Puppy est « trop beau ». Un futur champion de beauté, ma main à couper ! Et vu comme il apprend le « assis » rapidement, il est également doué d’une intelligence extraordinaire. Ce sera sans doute un champion de sport ou de travail aussi.
Lassie peut déjà aller se rhabiller…
Puppy grandit, s’épanouit, se développe en stature et en confiance. Et Puppy se découvre des talents insoupçonnés. Creuser, aboyer, mordiller, chouiner, voler, s’exciter, sauter sur ses maitres… pour n’en citer que quelques-uns. Normal, c’est un chiot !
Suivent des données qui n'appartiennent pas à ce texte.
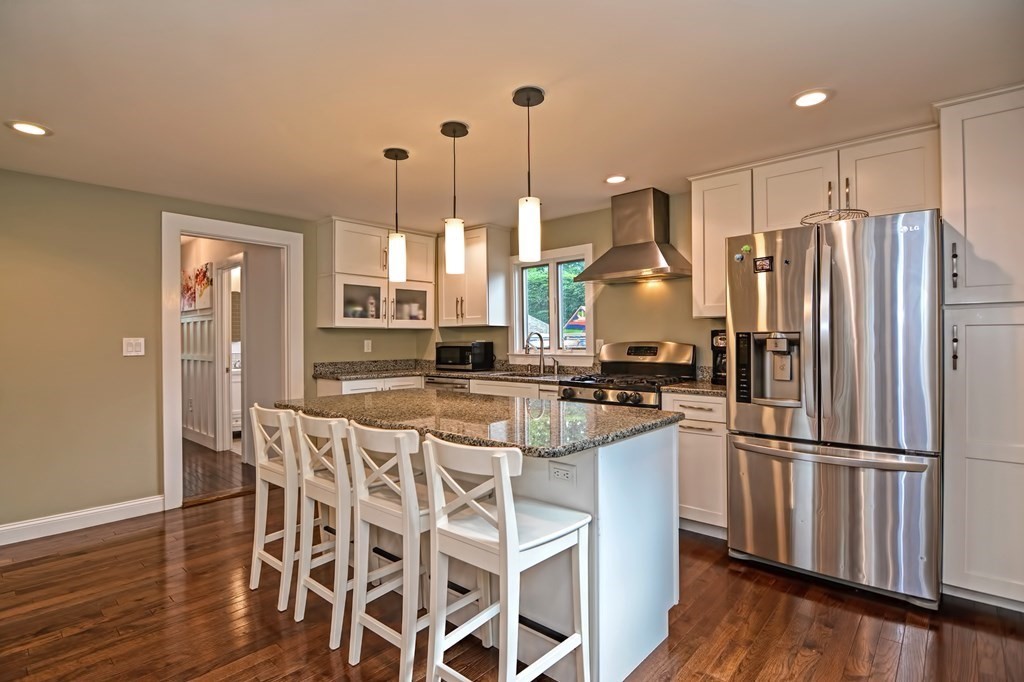 59 Cummings Road Newton, MA 02459 - Photo 3 of 23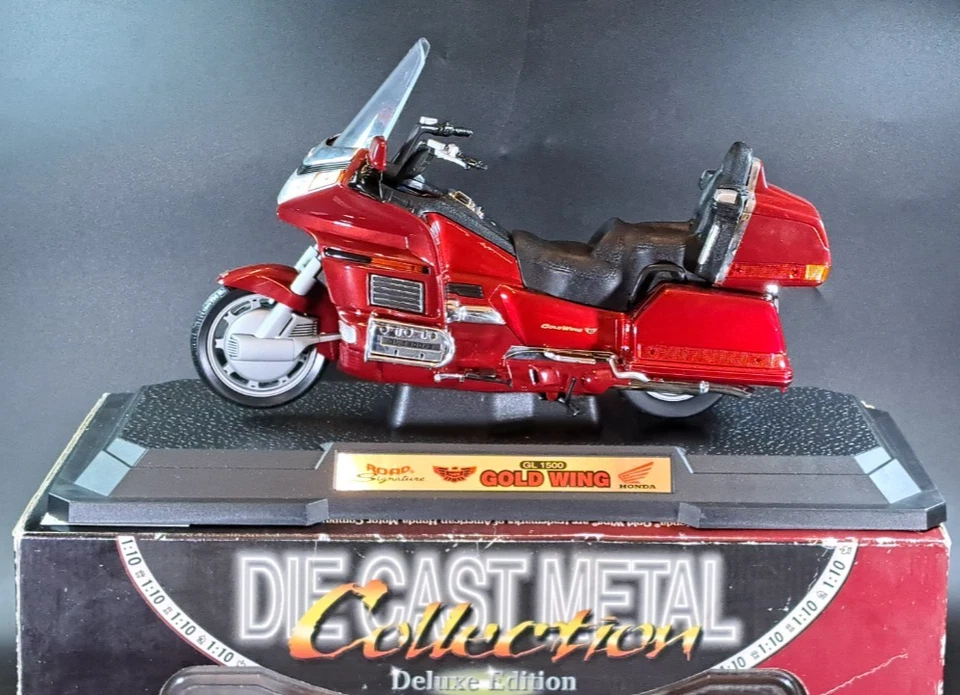 Road Signature 97010 - 1:10 Scale - Honda Gold Wing GL 1500 - Metallic Red - Image 1 of 4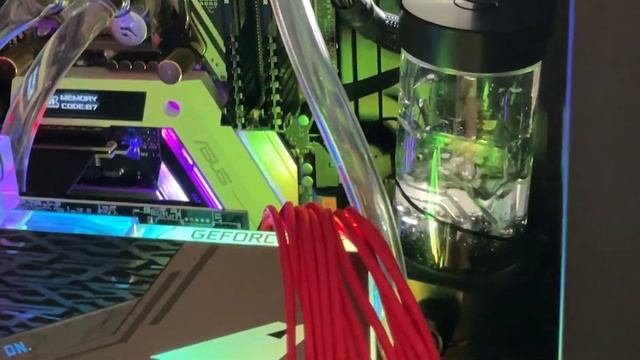 I built a 1300$ Graphene Cooled PC and it went horribly wrong... смотреть онлайн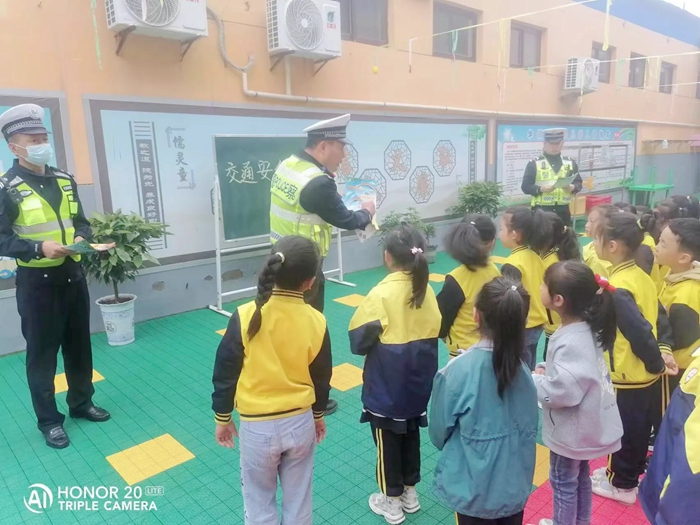 华州公安交警柳枝中队在六一儿童节来临前走进辖区蓝天幼儿园开展交通安全宣传活动。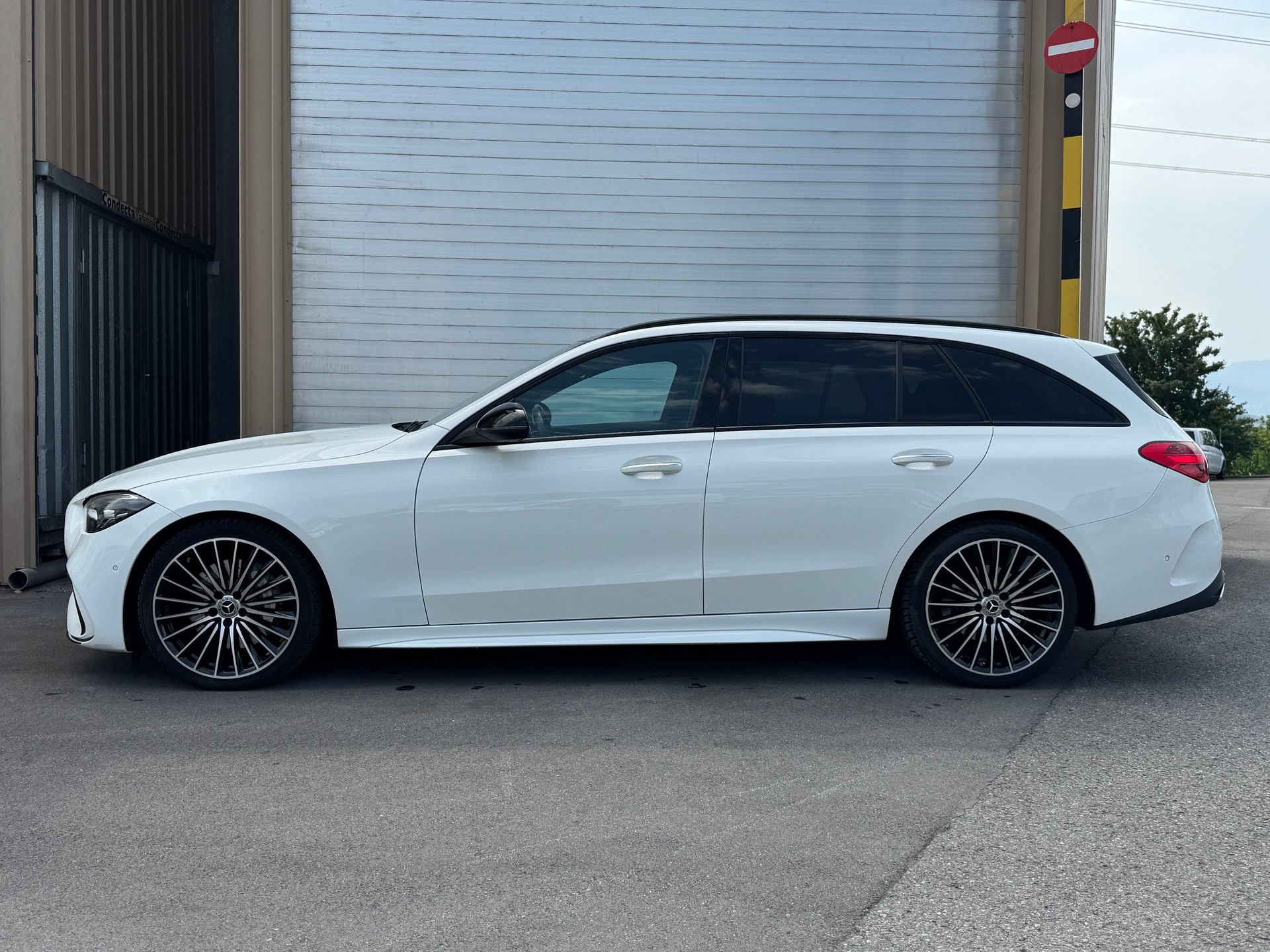 MERCEDES-BENZ C 200 T 4Matic AMG Line-showroom-element-2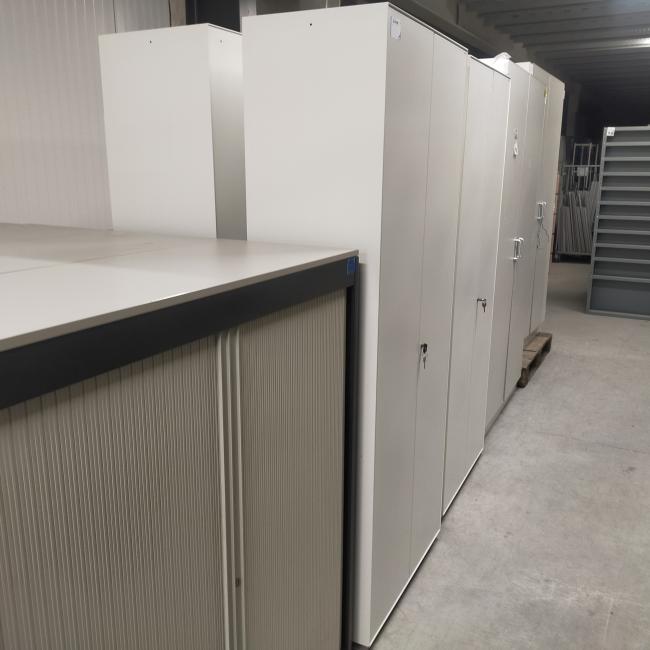  - partij witte metalen 2-deurs kantoorkasten incl sleutels nieuwstaat!! (29)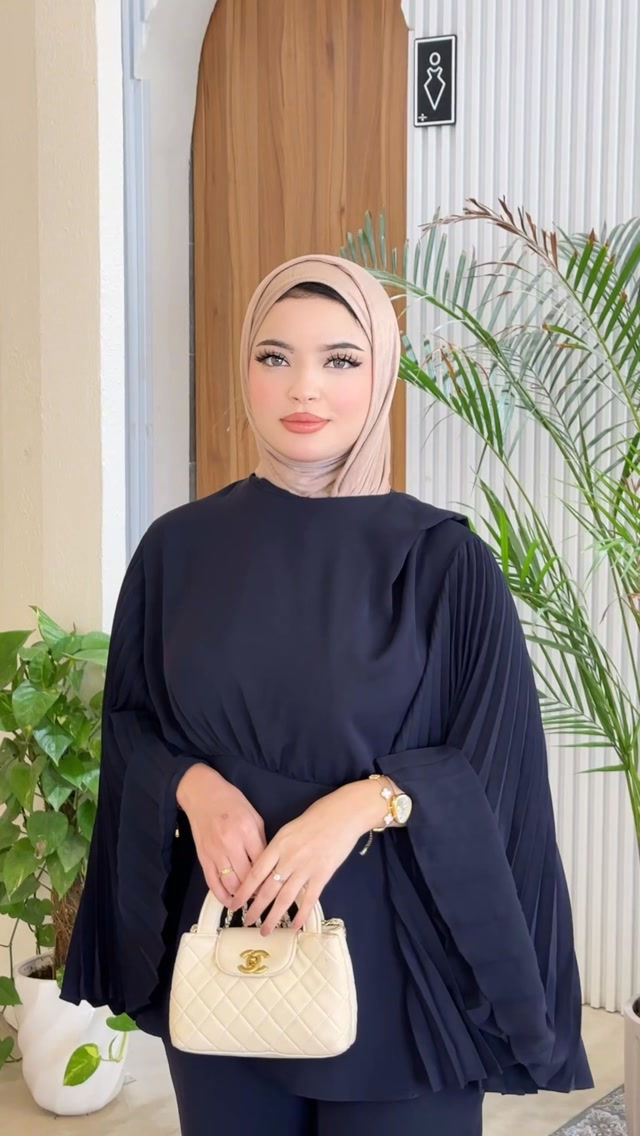 سوت فنتج • مقاسات ١،٢ • نيلي اوف وايت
Mais c’est votre premier chiot. Puppy the First. Vous étiez prévenus, formés, renseignés, vous n’êtes donc pas totalement surpris. Vous vous étiez préparés psychologiquement à ce que cela arrive. Vous aviez tout prévu en conséquence, le parc, le kennel, les jouets à mâchouiller plutôt que vos chaussures.
Mais voilà… certains comportements touchent plus que d’autres, et cela, on ne le cite pas dans les livres. Mâchouiller un barreau de chaise ou voler deux rouleaux de papier-toilette, vous pouvez gérer. C’est usant (et parfois terriblement éprouvant) de voir la petite tornade poilue découvrir tous les jours de nouvelles bêtises, mais on arrive à faire contre mauvaise fortune bon cœur, et rire des facéties de la nouvelle recrue (tant qu’elles ne le mettent pas en danger).
Mais fuguer, vous tirer les bas de pantalons avec vigueur, grogner, vous lacérer le bras avec ses griffes en vous sautant dessus… Ou simplement ne plus tourner la tête à vos appels… Ces comportements affectent plus profondément le propriétaire insouciant qu’on ne veut bien l’admettre. Ça fait mal, et pas qu’au sens propre du terme.
Certaines « désobéissances » entament l’image d’Epinal du futur Chien Parfait, et la projection du partenariat à venir. Et la relation que vous rêviez si merveilleuse et fusionnelle avec Petit Puppy, en prend un sacré coup.
Vous voulez un exemple ?
Du rappel heureux au rappel foireux
Petit Puppy, si proche de vous, qui quittait à peine vos jambes et revenait à la moindre sollicitation, daigne maintenant à peine tourner la tête, vous toise de loin, avant de décider de partir tout simplement… à l’opposé ! Vous avez beau le supplier, hausser la voix, essayer de négocier avec une croquette, rien n’y fait. Le message de Puppy est clair : dorénavant, vous valez moins qu’une crotte de lapin !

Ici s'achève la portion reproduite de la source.